Anche oggi le feste imperversano, e crescono nel calendario come i funghi in autunno. Sono le mamme che non son più le stesse. Non parlo di tutte, beninteso, e grazie a Dio ne conosco anch’io tante che fanno onore a questo che è fra i nomi più sacri per tutti. Ma in un mondo in cui il matrimonio è ormai qualcosa di liquido, o di elastico come lo yoyo dei cinesi, c’è chi con esso si diverte un mondo: lo tira,  lo molla, lo richiama, lo riprende, lo rilancia in alto in basso, in terra, in aria, e il figlio sta in mezzo, al tempo stesso scopo e pretesto e parte del giocattolo: del ping pong fra i due che l’hanno messo al mondo: tic tac, tanto a me, tic tac tanto a te; tac tic, tanto io, tic tac tanto tu. E così per il tempo, per i soldi, per la casa, per le vacanze, per la scuola, per l’ospedale: che quando tocca a me, e io lavoro, io il bimbetto dove lo metto? A chi l’appioppo?
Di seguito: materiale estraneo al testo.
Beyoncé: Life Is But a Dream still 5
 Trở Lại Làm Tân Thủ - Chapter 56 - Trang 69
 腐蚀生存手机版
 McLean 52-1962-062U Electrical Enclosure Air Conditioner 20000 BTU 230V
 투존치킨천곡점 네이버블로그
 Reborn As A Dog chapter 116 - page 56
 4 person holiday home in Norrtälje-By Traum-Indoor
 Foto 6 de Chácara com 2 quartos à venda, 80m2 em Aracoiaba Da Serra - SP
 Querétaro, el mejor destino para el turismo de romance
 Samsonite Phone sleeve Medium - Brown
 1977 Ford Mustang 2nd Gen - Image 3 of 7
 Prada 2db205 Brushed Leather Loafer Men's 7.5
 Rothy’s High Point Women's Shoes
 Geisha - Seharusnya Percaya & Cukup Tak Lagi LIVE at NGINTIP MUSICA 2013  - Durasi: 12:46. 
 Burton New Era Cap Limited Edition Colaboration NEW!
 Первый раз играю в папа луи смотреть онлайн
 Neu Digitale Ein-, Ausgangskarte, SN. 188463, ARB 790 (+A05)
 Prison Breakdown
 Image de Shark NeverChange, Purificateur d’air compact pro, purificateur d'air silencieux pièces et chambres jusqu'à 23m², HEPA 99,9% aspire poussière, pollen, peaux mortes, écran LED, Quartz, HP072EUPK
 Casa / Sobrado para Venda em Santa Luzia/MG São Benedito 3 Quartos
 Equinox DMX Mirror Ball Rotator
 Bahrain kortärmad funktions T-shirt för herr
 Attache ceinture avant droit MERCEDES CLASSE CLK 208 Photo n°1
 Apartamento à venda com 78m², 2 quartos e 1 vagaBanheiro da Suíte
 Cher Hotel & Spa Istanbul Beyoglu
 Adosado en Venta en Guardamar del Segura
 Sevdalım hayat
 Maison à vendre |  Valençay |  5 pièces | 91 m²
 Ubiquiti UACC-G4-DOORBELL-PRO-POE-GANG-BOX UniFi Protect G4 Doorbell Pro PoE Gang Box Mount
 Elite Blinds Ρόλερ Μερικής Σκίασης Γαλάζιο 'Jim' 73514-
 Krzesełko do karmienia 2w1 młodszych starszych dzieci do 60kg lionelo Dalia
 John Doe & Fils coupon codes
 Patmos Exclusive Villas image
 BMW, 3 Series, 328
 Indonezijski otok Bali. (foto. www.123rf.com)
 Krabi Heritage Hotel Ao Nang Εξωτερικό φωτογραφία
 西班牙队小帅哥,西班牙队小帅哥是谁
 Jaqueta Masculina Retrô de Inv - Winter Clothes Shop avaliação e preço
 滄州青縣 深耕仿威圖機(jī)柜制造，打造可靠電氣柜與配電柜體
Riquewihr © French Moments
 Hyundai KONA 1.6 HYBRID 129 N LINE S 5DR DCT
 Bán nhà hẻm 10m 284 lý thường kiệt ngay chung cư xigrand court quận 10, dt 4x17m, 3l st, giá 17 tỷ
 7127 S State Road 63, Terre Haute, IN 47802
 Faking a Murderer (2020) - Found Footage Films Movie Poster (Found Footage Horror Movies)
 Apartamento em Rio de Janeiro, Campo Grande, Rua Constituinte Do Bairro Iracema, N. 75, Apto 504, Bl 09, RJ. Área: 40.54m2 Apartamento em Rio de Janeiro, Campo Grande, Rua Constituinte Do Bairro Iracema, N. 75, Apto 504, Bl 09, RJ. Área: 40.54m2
Ha voglia papa Francesco a dire: al n.9.«Varchiamo dunque la soglia di questa casa serena, con la sua famiglia seduta intorno alla mensa festiva. Al centro troviamo la coppia del padre e della madre con tutta la loro storia d’amore. In loro si realizza quel disegno primordiale che Cristo stesso evoca con intensità: «Non avete letto che il Creatore da principio li fece maschio e femmina?» (Mt19,4). E «per questo l’uomo lascerà suo padre e sua madre e si unirà a sua moglie, e i due saranno un’unica carne» (Gen 2,24).

Ora mettete queste parole davanti a certe donne e a certi uomini che tutti noi conosciamo, dovunque essi siano, mentre noi rimaniamo in ascolto e in osservazione. Ci sarà solo da piangere.

Vuol dire questo che noi dovremo smettere di credere e di lottare perché il modello evangelico del matrimonio si affermi nelle società e nel mondo? Ciò non potrà mai essere: Cristo ha inviato i suoi nel mondo a continuare la sua opera e ed essi dovranno continuarla finché quell’opera non sarà stata compiuta. Ma guai a farsi illusioni. Il mondo non sarà mai un altarino del Corpus Domini (G.Bernanos). E tutti noi, sbattendoci innumerevoli volte la testa, dovremo convincerci che questo sarà.

Ciò che è stato affidato alla Chiesa come missione e a lei verrà chiesto  come prova della sua fedeltà, non sarà tanto se avrà saputo salvare tutti gli uomini, ma se avrà saputo mantenere vivo l’annuncio, desta la fede, viva la speranza, forte e sicura la carità in chi ha creduto, Perché alla Chiesa non né stata affidata la salvezza del mondo (che sarà sempre opera di Dio) ma l’annuncio della salvezza portata da Dio. E solo del suo annuncio e della forza della sua testimonianza dovrà rispondere.